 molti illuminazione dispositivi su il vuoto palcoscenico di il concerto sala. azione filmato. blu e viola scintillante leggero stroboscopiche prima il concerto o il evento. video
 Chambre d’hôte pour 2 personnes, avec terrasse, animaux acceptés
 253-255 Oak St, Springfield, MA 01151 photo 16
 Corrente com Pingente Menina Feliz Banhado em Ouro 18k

---

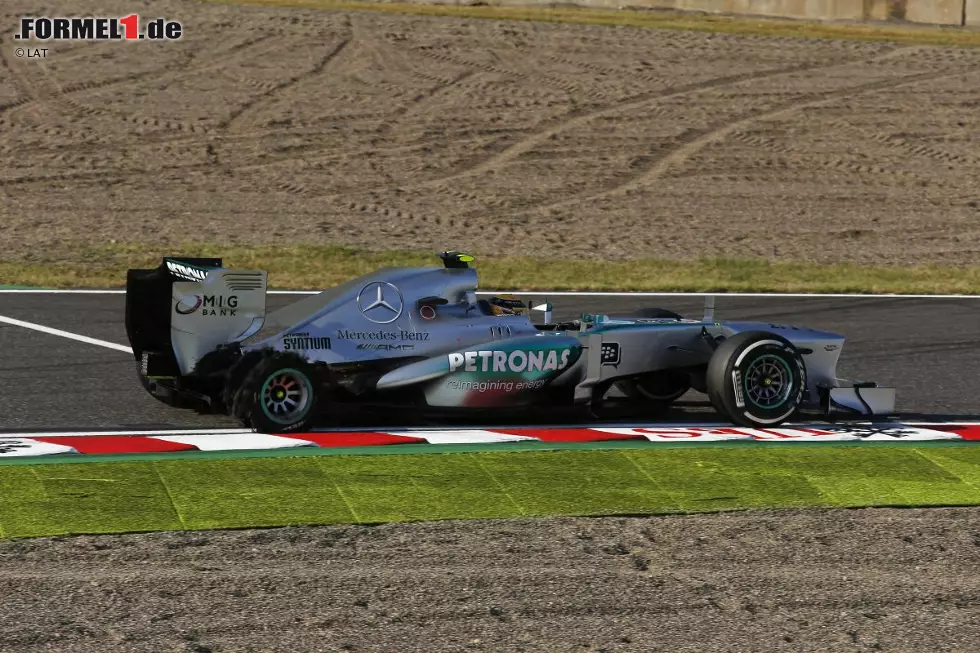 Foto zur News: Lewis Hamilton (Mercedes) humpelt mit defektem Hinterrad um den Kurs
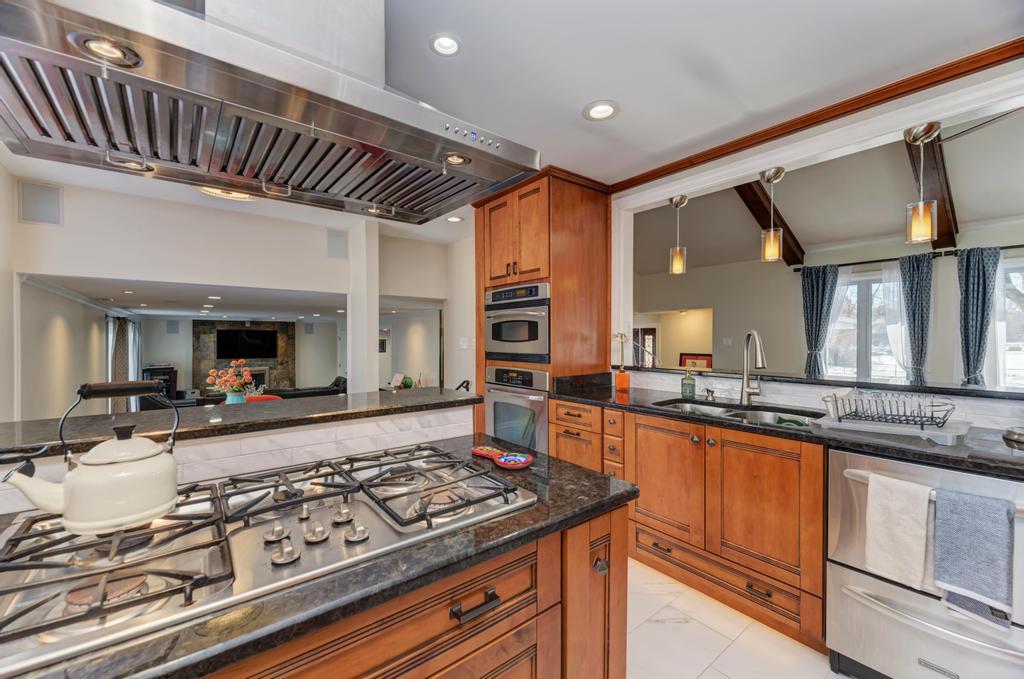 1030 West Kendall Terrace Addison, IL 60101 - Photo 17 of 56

◆ Brief
Return, with no change at all, every line in the entries above from the line containing "molti illuminazione dispositivi" through the line containing "Corrente com Pingente".

◆ Output of the exercise
 molti illuminazione dispositivi su il vuoto palcoscenico di il concerto sala. azione filmato. blu e viola scintillante leggero stroboscopiche prima il concerto o il evento. video
 Chambre d’hôte pour 2 personnes, avec terrasse, animaux acceptés
 253-255 Oak St, Springfield, MA 01151 photo 16
 Corrente com Pingente Menina Feliz Banhado em Ouro 18k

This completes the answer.